The Reject temperature heat sink and choke in Farenheit. The heatsink warms only a little. The real heat comes from the coil.
There is little DC heating from the coil, but under regulation with 20 volt swings the coil goes above 110 degrees:
the beginning of standby operation.
The now too hot Liquidator goes into Standby, and another Liquidator takes over, or supplies the missing current.
I have witnessed, with the temperature setting too low in the 80s, the two Liquidators will oscillate back and forth;
with first one taking the load then the other,
with varing degrees of overlap. Its mesmerizing to watch.
The Battery Temperature, which in the case of Lead Acid, are located outside in a Battery Box.
The Utility voltage. This voltage is approx 12.01 volts and never changes. It directly feeds all RV 12 appliances and the AC inverter.
Every battery bank has not only its own charging controller,
but also its own electronic switch. This switch is controled by the charge controller, in this case a Liquidator.

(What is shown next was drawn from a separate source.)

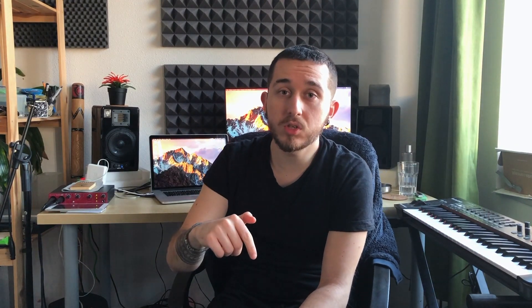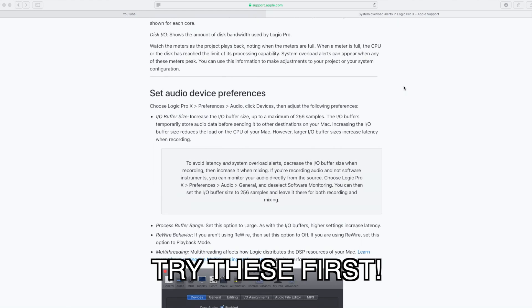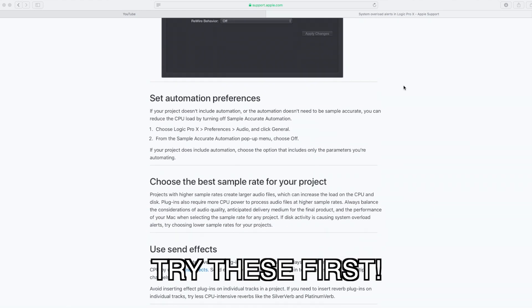First, I'm assuming that you have already optimized your project settings — checking the sample rate, freezing your tracks, etc. I'll put a link in the description. This video is for those who have already tried everything, including restoring your operating system or downgrading.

I am using a TL495 running at about 8kHz. The Microprocessor can totally shut down the TL495 by bringing its pin11 RC0 low.
A local onboard switch can also disable The TL495 by grounding the point above the 1k resistor.
High temperature can also shut down the TL495. This is an onboard variable pot.
The Microprocessor can also shut down the TL495 due to high battery temperature.
I now have a couple of real chokes:
I am changing out the choke coil to this beefier toroidal at 2.3mH, or 2300uH.
The DC resistance Measures 0.09 ohms on a LCR meter (not very accurate for DC ohms).
The yellow trace is the input to the choke. The blue is the FET drive: down is driving, or Solar Source connected to Regulator Output, which is the same as choke input.
The present air choke is not working at all. ...Just a lot of ringing
Installing the new 2.3mH choke...
Installed the new 2.3mH choke...
Will also replace the little choke in Box-B on the right...
You can see this little choke is not much better than no choke, or the air choke. Ringing period has increased.
But the negative swing is hardly touching the floor. This choke is not working, and I will replace this one too.
Replaced old choke with new 2.3mH choke.
Put a brass screw through the center of choke to (temporarily) hold it in place. This choke is heavy, and as the RV goes over pot holes, the choke will have a lot of momentum.
Wrapped lots of tape around brass screw. Any buzzing or vibration would very quickly cut through the varnish.
OK, Choke is replaced. I had seen some long term chaos. Don't see it now, looks flat and stable.
Closer examination shows negative going to floor.
That is all well and good, but there is still some ring after the up pulse.